Произошла чудовищная социальная атомизация населения, отчуждающая в непривычных для традиций русской ментальности формах и масштабах всех и каждого друг от друга и на этой основе еще и от России - от главного смыслообразующего начала всякого истинно русского существования. В итоге все это стало покушением на многое из того, что связывает в душе человека его бытие с будущим и, в частности, с будущим собственной истории, нации и страны. Для неоправданно многих оно перестало быть - и просто как будущее и, тем более, имеющее еще и какой-то социальный смысл, превратив пространство индивидуального существования в пространство трагического суицидального выбора.

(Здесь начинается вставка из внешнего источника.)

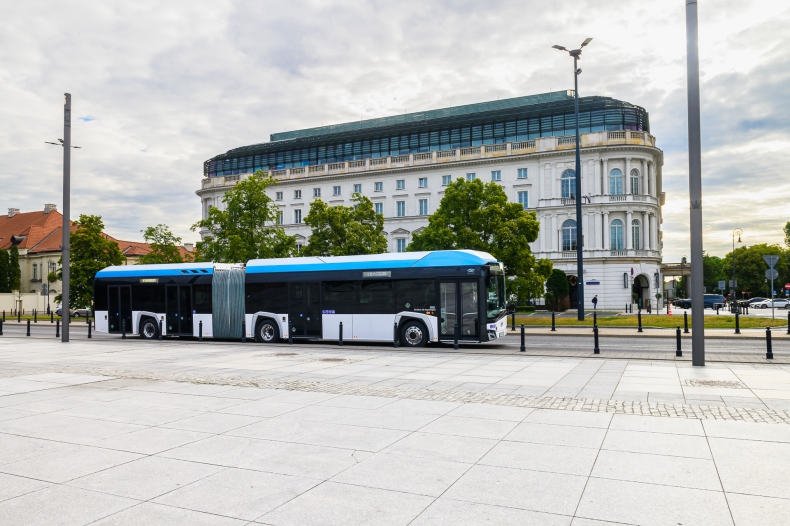 Pierwsze przegubowe autobusy wodorowe Solaris już we flocie RVK z Kolonii - ZielonaGospodarka.pl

До каких же пределов экономического, социального и духовного оскудения бытия надо довести нацию, чтобы она, в сущности, отказалась от воспроизводства самих демографических условий для продолжения собственной истории, от самой себя и от своей истории. Ответом на все это, на демографическое и суицидальное помрачение нации, на вызов самим основам ее бытия в истории может стать только одно: решительная и принципиальная русификация-национализация русской нации, обретение ею развитых и адекватных ее сущности национальных форм бытия в истории. Пора осознать, что нация не может воспроизводить себя в истории и вне воспроизводства основ своего национального бытия в истории. Не только вне благоприятных социально-экономических условий, но и вне национальных условий как таковых, тех, которые определяются как раз национальными формами бытия в истории, начиная от развитых форм национального сознания и самосознания и кончая формами национального единства и национально солидарных способов действия в истории. Нация не может демографически быть, не будучи до этого прежде нацией.

Таким образом, ответ на демографическую угрозу самим основам национального бытия в истории должен стать национальным, средствами национального возрождения исторической и национальной России. И если он не станет таковым, то он вообще не станет никаким, его просто не будет в качестве ответа на вызов депопуляции русской нации. Она стала трагическим апофеозом всего ХХ века истории России, однозначным демографическим приговором всему этому столетию как столетию вненационального развития, безумию его национального беспамятства - и коммунистического, и либерального.